◆ Problem statement
The material below holds the lines to copy: from the one with "Horny mexican teen" up to and including the one with "ONLY White Broidery Sleeveless Top". Copy them exactly and skip the pictures.

◆ Data to process
»»

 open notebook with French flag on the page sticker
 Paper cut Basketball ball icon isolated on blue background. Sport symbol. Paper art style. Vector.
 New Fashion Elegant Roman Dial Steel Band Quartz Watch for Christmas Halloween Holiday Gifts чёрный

««
»»

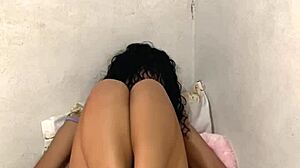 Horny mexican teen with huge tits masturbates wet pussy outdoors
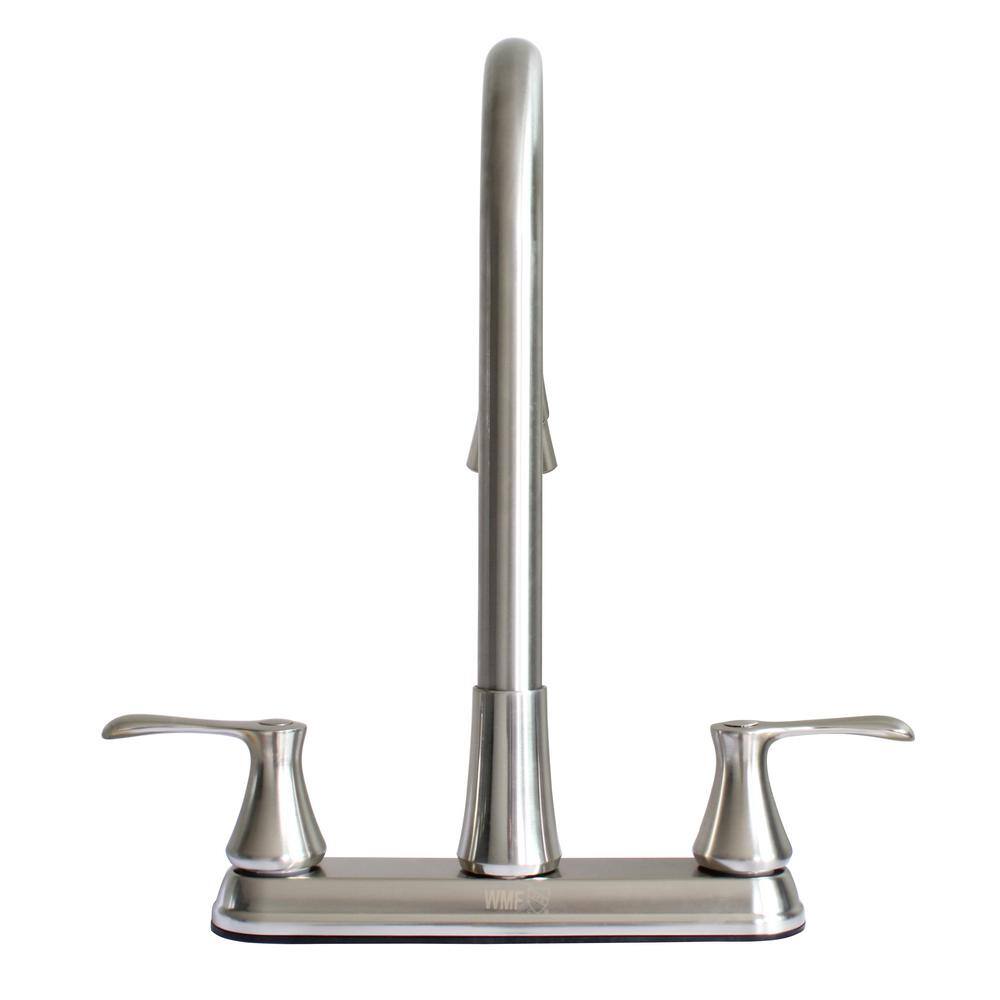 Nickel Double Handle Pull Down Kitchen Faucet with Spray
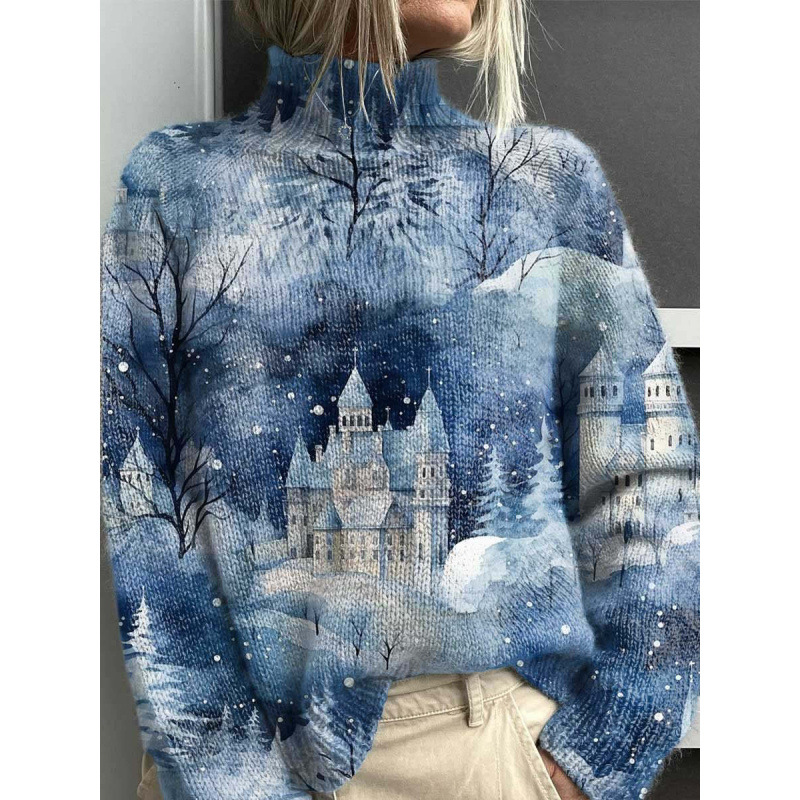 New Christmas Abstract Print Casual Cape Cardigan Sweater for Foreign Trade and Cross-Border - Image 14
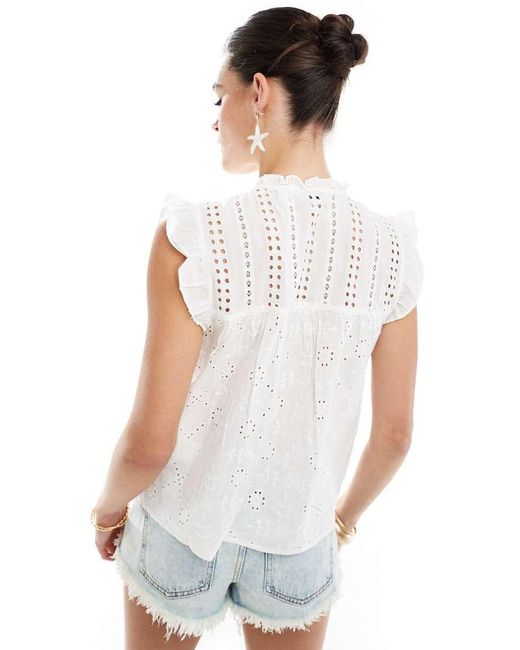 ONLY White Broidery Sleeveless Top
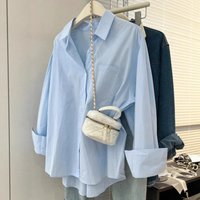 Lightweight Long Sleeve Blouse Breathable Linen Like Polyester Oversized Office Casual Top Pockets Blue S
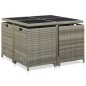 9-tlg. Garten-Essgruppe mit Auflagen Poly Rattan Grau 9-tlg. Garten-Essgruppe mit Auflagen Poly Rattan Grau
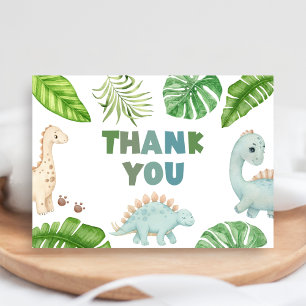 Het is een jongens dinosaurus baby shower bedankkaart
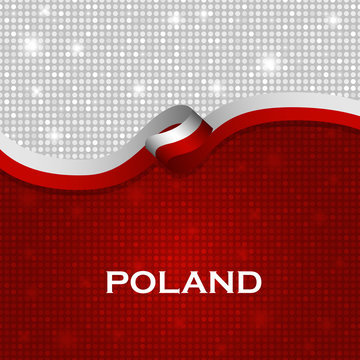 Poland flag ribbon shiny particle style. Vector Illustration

««

◆ Answer to the problem
 Horny mexican teen with huge tits masturbates wet pussy outdoors
 Nickel Double Handle Pull Down Kitchen Faucet with Spray
 New Christmas Abstract Print Casual Cape Cardigan Sweater for Foreign Trade and Cross-Border - Image 14
 ONLY White Broidery Sleeveless Top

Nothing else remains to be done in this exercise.